Proposta de fim da escala 6x1 pode transformar horas acima de 40 semanais em extras. Entenda impactos, regras e o que pode mudar.

Helena SerpaPor Helena Serpa4 min de leitura
Escala

A possível extinção da escala 6×1 — modelo em que o trabalhador atua seis dias seguidos e descansa um — avança no debate público e legislativo brasileiro. A proposta ganhou força após declarações do ministro do Trabalho e Emprego, Luiz Marinho, que indicou uma mudança relevante: jornadas acima de 40 horas semanais poderão ser consideradas horas extras.

Atualmente, a legislação brasileira permite jornadas de até 44 horas semanais, conforme estabelecido pela Consolidação das Leis do Trabalho (CLT). A eventual redução desse limite para 40 horas representaria uma mudança estrutural no mercado de trabalho.

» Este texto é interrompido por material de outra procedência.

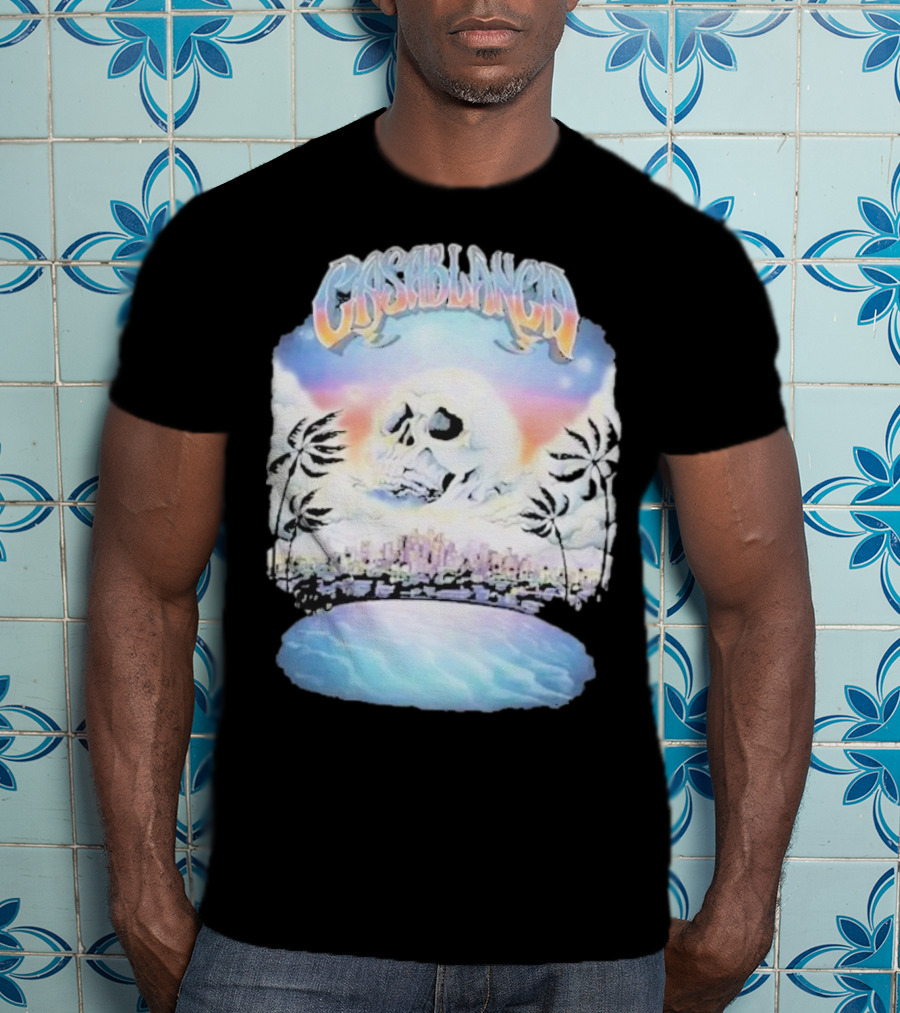 Laura Redman Club Casablanca Skull Palm Trees Sunset Coastal Scene T-Shirt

Segundo o ministro, a transição dependerá de negociações coletivas entre trabalhadores e empregadores, reforçando o papel dos sindicatos na adaptação à nova realidade.

Como funcionaria?

Leia mais: Protestos de 1º de Maio destacam fim da escala 6×1

Redução da carga semanal

Isso significa que:

  • Qualquer tempo trabalhado além desse limite deverá ser:
    • Pago como hora extra; ou
    • Compensado com banco de horas

Na prática, trabalhadores que hoje cumprem escalas mais longas, especialmente em setores como comércio e serviços, seriam diretamente impactados.

Negociação coletiva será decisiva

O ministro destacou que as regras específicas não serão uniformes para todos os setores. A definição ocorrerá por meio de acordos coletivos firmados entre empresas e sindicatos.

Esse modelo segue uma tendência já consolidada no Brasil após a reforma trabalhista de 2017, que fortaleceu a negociação coletiva como instrumento de regulação.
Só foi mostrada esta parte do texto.